Exercise directions
Every entry should be repeated exactly as written.

Stored items from a collection
Segment Open

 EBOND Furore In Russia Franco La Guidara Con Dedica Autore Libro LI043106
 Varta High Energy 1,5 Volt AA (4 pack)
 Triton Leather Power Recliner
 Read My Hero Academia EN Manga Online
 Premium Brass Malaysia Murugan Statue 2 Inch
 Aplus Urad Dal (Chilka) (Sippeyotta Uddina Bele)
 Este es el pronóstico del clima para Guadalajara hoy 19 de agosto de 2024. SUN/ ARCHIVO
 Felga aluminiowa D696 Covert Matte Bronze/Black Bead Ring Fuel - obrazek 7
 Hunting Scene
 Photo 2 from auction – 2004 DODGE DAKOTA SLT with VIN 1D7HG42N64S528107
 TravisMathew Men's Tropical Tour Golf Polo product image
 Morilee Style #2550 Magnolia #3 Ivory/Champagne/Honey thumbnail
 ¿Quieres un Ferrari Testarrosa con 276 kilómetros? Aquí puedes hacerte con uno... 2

Segment Closed

Solution to this exercise
 EBOND Furore In Russia Franco La Guidara Con Dedica Autore Libro LI043106
 Varta High Energy 1,5 Volt AA (4 pack)
 Triton Leather Power Recliner
 Read My Hero Academia EN Manga Online
 Premium Brass Malaysia Murugan Statue 2 Inch
 Aplus Urad Dal (Chilka) (Sippeyotta Uddina Bele)
 Este es el pronóstico del clima para Guadalajara hoy 19 de agosto de 2024. SUN/ ARCHIVO
 Felga aluminiowa D696 Covert Matte Bronze/Black Bead Ring Fuel - obrazek 7
 Hunting Scene
 Photo 2 from auction – 2004 DODGE DAKOTA SLT with VIN 1D7HG42N64S528107
 TravisMathew Men's Tropical Tour Golf Polo product image
 Morilee Style #2550 Magnolia #3 Ivory/Champagne/Honey thumbnail
 ¿Quieres un Ferrari Testarrosa con 276 kilómetros? Aquí puedes hacerte con uno... 2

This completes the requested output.